Von Eric Weser und Christoph Scharf

Röderaue. Als Walter Lechner 2006 nach Frauenhain kam, war er frisch studierter Theologe, jung verheiratet und gerade erstmals Vater geworden. Zwölf Jahre später verlässt der 38-jährige Österreicher mit seiner Frau und den nunmehr drei Kindern den Ort und geht nach Dresden. Die SZ hat den evangelischen Pfarrer gesprochen.

Herr Lechner, wie haben Ihre Kinder auf die Nachricht vom Umzug reagiert?

Sie wussten, dass das möglich ist. Aber natürlich ist es nicht einfach, es ist mit Abschied verbunden. Aber nicht nur für die Kinder, sondern für unsere Familie insgesamt. Frauenhain ist für uns Heimat. Die neue Kirchgemeinde ist in Dresden und damit nicht weit weg. Wir werden regelmäßig herkommen. Das war auch für die Kinder eine Beruhigung.

Pfarrer sollen im Schnitt alle zehn Jahre den Dienstort wechseln. Sie waren etwas länger da. Mussten Sie gehen?

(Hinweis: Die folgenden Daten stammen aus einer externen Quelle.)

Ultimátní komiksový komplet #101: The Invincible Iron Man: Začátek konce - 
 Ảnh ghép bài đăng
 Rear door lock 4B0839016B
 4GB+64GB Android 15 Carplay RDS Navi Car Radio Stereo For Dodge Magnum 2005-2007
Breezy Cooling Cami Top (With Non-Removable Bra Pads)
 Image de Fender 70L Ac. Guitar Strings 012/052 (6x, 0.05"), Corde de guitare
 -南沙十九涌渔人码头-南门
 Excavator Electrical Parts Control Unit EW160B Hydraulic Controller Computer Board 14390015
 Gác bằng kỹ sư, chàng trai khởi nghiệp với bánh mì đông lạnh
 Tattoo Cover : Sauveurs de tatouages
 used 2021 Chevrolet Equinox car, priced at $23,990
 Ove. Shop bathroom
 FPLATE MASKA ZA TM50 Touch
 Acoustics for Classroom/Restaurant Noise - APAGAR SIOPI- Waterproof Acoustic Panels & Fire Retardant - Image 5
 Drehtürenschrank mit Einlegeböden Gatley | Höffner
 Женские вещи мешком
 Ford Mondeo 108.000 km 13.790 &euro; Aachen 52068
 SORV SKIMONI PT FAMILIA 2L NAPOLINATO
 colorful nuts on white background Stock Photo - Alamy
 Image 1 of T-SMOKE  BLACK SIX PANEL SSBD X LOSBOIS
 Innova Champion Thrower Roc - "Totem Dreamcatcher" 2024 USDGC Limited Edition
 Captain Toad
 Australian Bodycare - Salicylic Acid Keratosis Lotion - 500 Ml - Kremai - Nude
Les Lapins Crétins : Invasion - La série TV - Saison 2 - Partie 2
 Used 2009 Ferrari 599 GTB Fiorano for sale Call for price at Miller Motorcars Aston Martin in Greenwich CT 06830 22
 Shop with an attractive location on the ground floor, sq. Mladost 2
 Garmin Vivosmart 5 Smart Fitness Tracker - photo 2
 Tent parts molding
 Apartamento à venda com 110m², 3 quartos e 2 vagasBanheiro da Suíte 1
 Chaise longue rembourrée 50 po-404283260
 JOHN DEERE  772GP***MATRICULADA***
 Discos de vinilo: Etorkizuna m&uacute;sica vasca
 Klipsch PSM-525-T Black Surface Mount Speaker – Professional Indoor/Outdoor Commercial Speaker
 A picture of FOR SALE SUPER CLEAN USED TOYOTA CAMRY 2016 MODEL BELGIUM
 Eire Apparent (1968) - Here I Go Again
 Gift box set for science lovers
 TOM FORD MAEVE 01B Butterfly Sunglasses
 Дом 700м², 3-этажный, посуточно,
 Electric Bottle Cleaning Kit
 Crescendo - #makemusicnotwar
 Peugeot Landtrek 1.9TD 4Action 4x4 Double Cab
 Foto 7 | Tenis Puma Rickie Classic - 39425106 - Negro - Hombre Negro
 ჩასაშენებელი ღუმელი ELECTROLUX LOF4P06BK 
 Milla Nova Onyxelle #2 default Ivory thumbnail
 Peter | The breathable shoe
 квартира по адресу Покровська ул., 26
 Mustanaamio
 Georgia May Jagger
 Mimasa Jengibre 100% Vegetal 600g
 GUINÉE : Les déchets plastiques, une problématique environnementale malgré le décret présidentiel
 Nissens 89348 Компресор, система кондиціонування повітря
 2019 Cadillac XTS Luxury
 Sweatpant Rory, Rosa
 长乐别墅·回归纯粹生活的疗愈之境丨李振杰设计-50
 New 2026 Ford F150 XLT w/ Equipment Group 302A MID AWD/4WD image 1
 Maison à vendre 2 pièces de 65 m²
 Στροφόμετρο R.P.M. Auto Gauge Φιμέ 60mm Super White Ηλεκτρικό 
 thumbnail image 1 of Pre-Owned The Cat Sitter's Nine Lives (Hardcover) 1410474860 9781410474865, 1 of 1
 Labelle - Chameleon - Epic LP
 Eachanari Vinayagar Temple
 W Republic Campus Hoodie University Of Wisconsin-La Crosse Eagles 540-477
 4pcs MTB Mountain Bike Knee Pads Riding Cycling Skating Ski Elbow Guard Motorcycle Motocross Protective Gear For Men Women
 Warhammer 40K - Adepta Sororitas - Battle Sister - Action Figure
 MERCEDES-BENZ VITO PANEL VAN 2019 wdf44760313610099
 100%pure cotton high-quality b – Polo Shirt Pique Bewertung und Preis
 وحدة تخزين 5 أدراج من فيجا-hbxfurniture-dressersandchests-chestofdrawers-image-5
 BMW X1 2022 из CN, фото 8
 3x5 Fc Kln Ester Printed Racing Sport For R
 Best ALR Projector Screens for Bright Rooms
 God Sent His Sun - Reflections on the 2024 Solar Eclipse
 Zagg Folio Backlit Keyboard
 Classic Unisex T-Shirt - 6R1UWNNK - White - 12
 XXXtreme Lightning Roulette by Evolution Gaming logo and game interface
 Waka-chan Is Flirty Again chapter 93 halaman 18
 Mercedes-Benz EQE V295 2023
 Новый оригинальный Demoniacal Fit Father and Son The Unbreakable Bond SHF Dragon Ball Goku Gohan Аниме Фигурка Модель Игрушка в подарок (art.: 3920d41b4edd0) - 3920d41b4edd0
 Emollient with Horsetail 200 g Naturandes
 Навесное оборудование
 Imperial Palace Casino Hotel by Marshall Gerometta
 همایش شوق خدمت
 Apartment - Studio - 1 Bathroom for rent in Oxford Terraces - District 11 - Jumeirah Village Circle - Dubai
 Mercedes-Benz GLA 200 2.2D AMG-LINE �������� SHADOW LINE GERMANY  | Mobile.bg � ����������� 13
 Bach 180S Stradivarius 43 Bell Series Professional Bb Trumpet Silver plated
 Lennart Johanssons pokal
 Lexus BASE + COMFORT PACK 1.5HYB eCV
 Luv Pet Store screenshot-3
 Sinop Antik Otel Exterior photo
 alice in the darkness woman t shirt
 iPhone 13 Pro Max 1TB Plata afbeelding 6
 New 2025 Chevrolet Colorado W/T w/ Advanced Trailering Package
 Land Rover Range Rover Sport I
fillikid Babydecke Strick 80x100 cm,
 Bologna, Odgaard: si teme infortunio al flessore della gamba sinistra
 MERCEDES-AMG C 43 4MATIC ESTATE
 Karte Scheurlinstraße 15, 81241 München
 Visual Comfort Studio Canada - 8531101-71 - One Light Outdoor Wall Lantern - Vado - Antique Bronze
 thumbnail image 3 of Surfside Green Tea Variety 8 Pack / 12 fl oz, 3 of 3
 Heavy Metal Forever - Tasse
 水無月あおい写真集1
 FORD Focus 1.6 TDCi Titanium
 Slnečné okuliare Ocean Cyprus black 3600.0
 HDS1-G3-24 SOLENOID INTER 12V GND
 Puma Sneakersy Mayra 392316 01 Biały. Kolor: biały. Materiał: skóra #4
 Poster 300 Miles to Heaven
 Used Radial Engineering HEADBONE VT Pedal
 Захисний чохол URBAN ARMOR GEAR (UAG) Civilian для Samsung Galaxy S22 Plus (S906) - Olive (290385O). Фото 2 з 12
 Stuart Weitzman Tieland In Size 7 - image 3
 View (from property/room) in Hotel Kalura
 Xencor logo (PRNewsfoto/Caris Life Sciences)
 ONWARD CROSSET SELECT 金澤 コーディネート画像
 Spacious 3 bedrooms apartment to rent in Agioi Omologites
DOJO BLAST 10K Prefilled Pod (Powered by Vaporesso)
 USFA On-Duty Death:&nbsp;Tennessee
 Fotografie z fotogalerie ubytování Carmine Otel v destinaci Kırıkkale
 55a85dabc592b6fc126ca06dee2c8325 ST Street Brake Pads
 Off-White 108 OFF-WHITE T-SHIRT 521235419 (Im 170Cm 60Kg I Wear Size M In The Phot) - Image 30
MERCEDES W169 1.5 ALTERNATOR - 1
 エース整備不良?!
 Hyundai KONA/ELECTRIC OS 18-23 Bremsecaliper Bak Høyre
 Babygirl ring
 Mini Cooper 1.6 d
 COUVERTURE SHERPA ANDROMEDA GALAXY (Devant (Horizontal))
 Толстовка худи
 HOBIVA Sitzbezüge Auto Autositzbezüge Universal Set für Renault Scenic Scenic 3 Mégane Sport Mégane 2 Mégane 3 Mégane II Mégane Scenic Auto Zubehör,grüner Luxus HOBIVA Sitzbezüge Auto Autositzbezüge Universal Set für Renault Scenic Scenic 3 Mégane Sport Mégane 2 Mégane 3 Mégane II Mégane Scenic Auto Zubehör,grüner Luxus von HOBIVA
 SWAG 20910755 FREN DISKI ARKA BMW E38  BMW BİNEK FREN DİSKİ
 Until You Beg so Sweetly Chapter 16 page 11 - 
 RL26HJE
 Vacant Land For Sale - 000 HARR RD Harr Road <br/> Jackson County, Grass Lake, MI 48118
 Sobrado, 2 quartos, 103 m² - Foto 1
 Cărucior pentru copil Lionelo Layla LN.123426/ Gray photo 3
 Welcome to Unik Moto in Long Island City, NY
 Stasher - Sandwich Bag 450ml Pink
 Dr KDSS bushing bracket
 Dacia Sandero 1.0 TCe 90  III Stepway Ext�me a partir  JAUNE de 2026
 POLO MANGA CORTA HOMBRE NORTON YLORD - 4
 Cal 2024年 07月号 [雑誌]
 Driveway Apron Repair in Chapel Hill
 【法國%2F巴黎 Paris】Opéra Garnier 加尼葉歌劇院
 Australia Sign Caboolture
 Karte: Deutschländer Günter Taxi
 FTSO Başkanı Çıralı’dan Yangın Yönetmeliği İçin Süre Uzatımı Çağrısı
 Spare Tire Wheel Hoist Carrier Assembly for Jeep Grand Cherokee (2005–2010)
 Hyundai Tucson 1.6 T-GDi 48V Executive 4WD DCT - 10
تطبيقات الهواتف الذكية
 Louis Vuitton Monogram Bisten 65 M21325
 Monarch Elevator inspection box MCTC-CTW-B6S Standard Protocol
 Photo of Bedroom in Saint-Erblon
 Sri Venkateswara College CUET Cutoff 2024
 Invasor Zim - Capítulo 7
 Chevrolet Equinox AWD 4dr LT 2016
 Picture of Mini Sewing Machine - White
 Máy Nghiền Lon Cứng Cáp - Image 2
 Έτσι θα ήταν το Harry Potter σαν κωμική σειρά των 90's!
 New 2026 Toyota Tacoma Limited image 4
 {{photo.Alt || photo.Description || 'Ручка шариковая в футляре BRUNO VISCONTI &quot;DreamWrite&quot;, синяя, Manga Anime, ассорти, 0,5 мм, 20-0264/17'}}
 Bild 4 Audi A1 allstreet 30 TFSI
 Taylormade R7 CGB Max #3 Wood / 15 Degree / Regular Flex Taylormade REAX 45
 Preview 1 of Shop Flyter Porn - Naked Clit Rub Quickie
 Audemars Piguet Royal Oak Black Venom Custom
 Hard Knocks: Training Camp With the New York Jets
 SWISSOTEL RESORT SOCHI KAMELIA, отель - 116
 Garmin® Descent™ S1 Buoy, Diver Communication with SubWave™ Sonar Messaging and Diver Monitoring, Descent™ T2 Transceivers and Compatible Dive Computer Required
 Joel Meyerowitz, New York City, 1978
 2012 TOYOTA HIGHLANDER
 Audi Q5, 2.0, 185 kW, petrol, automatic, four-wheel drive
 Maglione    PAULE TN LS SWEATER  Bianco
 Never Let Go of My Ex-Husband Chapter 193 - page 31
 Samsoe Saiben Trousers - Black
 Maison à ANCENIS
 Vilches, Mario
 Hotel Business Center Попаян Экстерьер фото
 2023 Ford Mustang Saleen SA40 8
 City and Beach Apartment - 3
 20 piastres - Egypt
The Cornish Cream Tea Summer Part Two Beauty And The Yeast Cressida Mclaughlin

Nein, es gab keinen Druck. Die Entscheidung war freiwillig und ist auch eher kurzfristig gefallen, weil im Frühjahr das Angebot da war. Dann ging alles schnell. Es ist nicht so, dass wir wegwollen. Eher so, dass es jetzt eine neue Herausforderung gibt, die mich reizt. In der Frauenhainer Kirchgemeinde ist vieles auf einem guten Stand, es gibt kaum Probleme. Der Zeitpunkt für einen Wechsel ist auch sinnvoll, weil unser Jüngster im Sommer in die Grundschule kommt und unserer mittlerer Sohn aufs Gymnasium wechselt.

Wie wird sich Ihre neue Kirchgemeinde von der jetzigen unterscheiden?

Sie wird mit 3 500 Kirchgliedern fast doppelt so groß sein wie die Schwesterkirchgemeinden Gröditz, Nauwalde, Frauenhain und mit einem Altersschnitt von 37 Jahren auch viel jünger. Das liegt daran, dass die Löbtauer Gemeinde viel studentischen Zulauf hat, Dresden zieht ja viele junge Leute an. Es müssen eigene Taufsonntage angeboten werden, weil es so viele Taufanfragen gibt. Anders wird sein, dass die Kirche in der Großstadt eine kleinere Rolle als auf dem Land spielt. Hier in den Dörfern sind bis zu 40 Prozent der Leute Christen. Der Anteil in der Stadt ist viel niedriger.

Was werden Sie an Ihrer jetzigen Kirchgemeinde vermissen?

So vieles! Ich sage schon immer zu allen, ich würde sie am liebsten gern mitnehmen. Meinen Kirchenvorstand zum Beispiel ...

... der sich wodurch auszeichnet?

Wir haben ein freundschaftliches Miteinander, sind aber auch eine geistliche Gemeinschaft. Es geht also nicht nur ums Bauen, den Friedhof und Geld, sondern auch ganz viel um unseren Glauben. Wir reden über theologische Themen und streiten auch. Es klingt jetzt vielleicht pathetisch, aber da haben wir manche Heilig-Geist-Momente erlebt.

Apropos: An welche Frauenhainer Momente werden Sie sich gern erinnern?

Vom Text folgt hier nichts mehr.